Django Categories with subcategories

Question

I was able to show categories for Category Model (Man and Woman). Now I want to make forwarding for a category to the site with subcategory where will show subcategory with product

This is my models.py

class Category(models.Model):
    name = models.CharField(max_length=200,
                            db_index=True)
    slug = models.SlugField(max_length=200,
                            db_index=True)

    class Meta:
        ordering = ('name',)
        verbose_name = 'category'
        verbose_name_plural = 'categories'

    def __str__(self):
        return self.name

    def get_absolute_url(self):
        return reverse('shop:product_list_by_category',
                       args=[self.slug])

class SubcategoryMan(models.Model):
    category = models.ForeignKey(Category,
                                 related_name='subcategorymans')
    name = models.CharField(max_length=200,
                            db_index=True)
    slug = models.SlugField(max_length=200,
                            db_index=True)

    def __str__(self):
        return self.name

class ProductMan(models.Model):
    category = models.ForeignKey(SubcategoryMan,
                                 related_name='productsman')
    name = models.CharField(max_length=200,
                            db_index=True)
    slug = models.SlugField(max_length=200,
                            db_index=True)
    image = models.ImageField(upload_to='productsman/%Y/%m/%d',
                              blank=True)
    description = models.TextField(blank=True)
    price = models.DecimalField(max_digits=10, decimal_places=2)
    stock = models.PositiveIntegerField()
    available = models.BooleanField(default=True)
    created = models.DateTimeField(auto_now_add=True)
    updated = models.DateTimeField(auto_now=True)

    class Meta:
        ordering = ('name',)
        index_together = (('id', 'slug'),)

    def __str__(self):
        return self.name

This is my views.py file

def product_list(request, category_slug=None):
    category = None
    categories = Category.objects.all()
    products = ProductMan.objects.filter(available=True)
    if category_slug:
        category = get_object_or_404(Category, slug=category_slug)
        products = products.filter(category=category)
    return render(request,
                  'shop/product/list.html',
                  {'category': category,
                   'categories': categories,
                   'products': products})

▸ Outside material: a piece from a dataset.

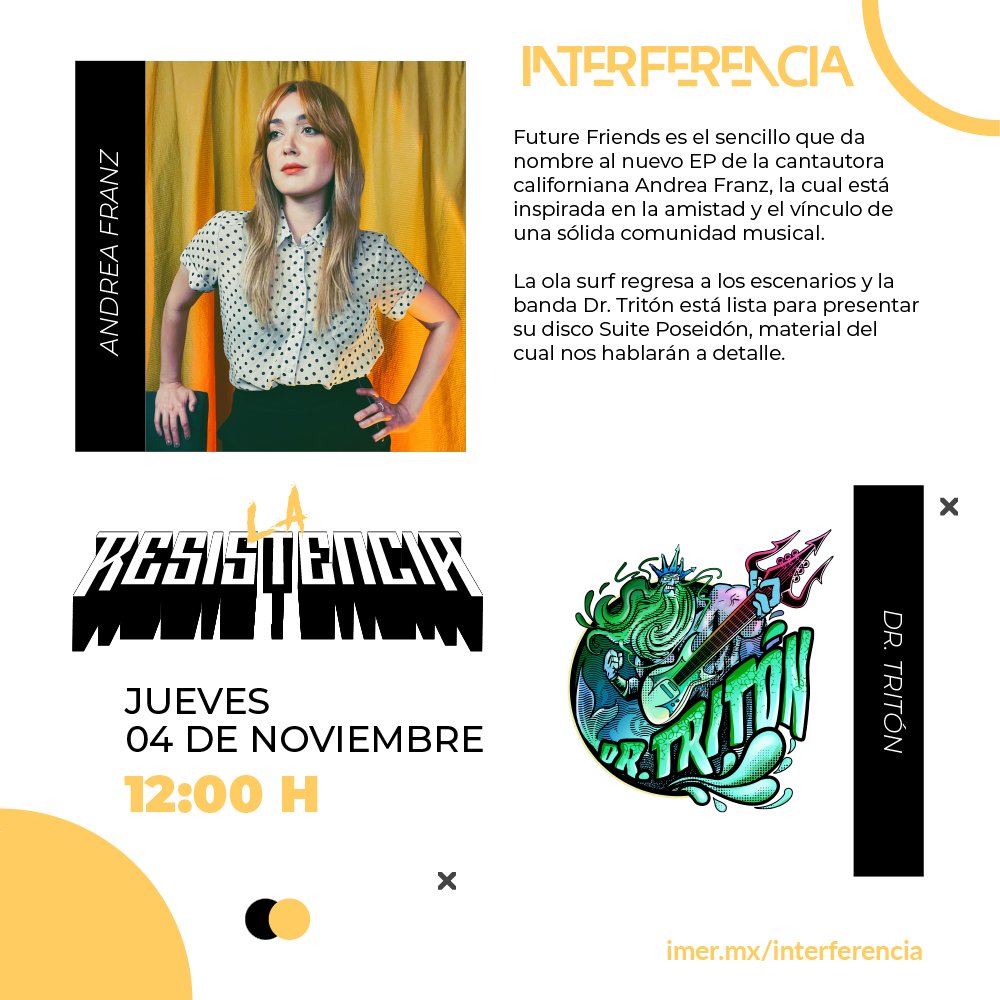 Hoy a partir de las 12 horas llegará a #LaResistencia <a href="/eldavid_mx/">DAVID</a> con  mucha música y las entrevistas  a <a href="/frau_franz/">Andrea Franz 🖤🎤</a> platicando de su reciente sencillo y <a href="/DrTriton/">Dr Tritón</a> los pondrá a bailar con su nuevo material. 🎙️🎶📻
👂imer.mx/interferencia 
📱App <a href="/imerhoy/">IMER</a> y @MxPlayTV 
🔁 21 hrs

This is my URL (in app shop)

urlpatterns = [
    url(r'^$', views.product_list, name='product_list'),
    url(r'^(?P<category_slug>[-\w]+)/$',
        views.product_list,
        name='product_list_by_category')
]

and this is my list.html

{% extends "shop/base.html" %}
{% load static %}

{% block content %}

    <ul>
        <li>
            <a href="{% url 'shop:product_list' %}">Wszystkie</a>
        </li>
        {% for c in categories %}
            <li>
                <a href="{{c.get_absolute_url}}">{{c.name}}</a>
            </li>
        {% endfor %}
    </ul>

{% endblock %}

I know I must create URL and view for detail, and show product but now I want to know what I can do to create forwarding to the subcategory (create views and URL ? )

Answer 1

I have category Man and Women. I want to when i click on Man forwarding to new site with subcategory ( T-shirt , Shorts etc. )

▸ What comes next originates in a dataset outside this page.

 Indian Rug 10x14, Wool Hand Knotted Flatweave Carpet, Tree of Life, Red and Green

This is not what happens. Your django application does not actively forward the client somewhere. In fact there is no way the server can send commands to the client. (Okay actually there are ways, but you do not need this in your use case.)

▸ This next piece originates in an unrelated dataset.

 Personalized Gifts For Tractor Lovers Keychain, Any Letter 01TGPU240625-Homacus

When the client clicks the link you rendered into the previous response a new page will be requested. The information which category was clicked is in the url. Django delegates that request to the correct view depending on the url to render another template. You already defined the url. Now you need a view and a template. The connection between server and client is stateless. That means your django does not know or keep track of which site the client has opened. It just answers to every single request

The django tutorial covers all the code necessary to do exactly this.

A side note: You do not have not split your categories and products into separate models for each gender. You can just create a model Product with a field gender which enables you to filter every "man category" on the content of this field. Like this:

GENDER_CHOICES = (
    ('man', 'man'),
    ('woman', 'woman'),
    ('kids'), 'kids'),   # yeah that's not a gender but you could want to have this
)

class Product(models.Model): 
    category = models.ForeignKey(Category, related_name='product')
    name = models.CharField(max_length=200, db_index=True)

    # all the other product fields

    gender = models.CharField(max_length=30, choices=GENDER_CHOICES)

If want only the man products in your view you could then filter it like this:

man_products = Product.objects.filter(gender='man')

or this:

# get all men's shoes from the database
man_shoes = Product.object.filter(gender='man', category__slug='shoes')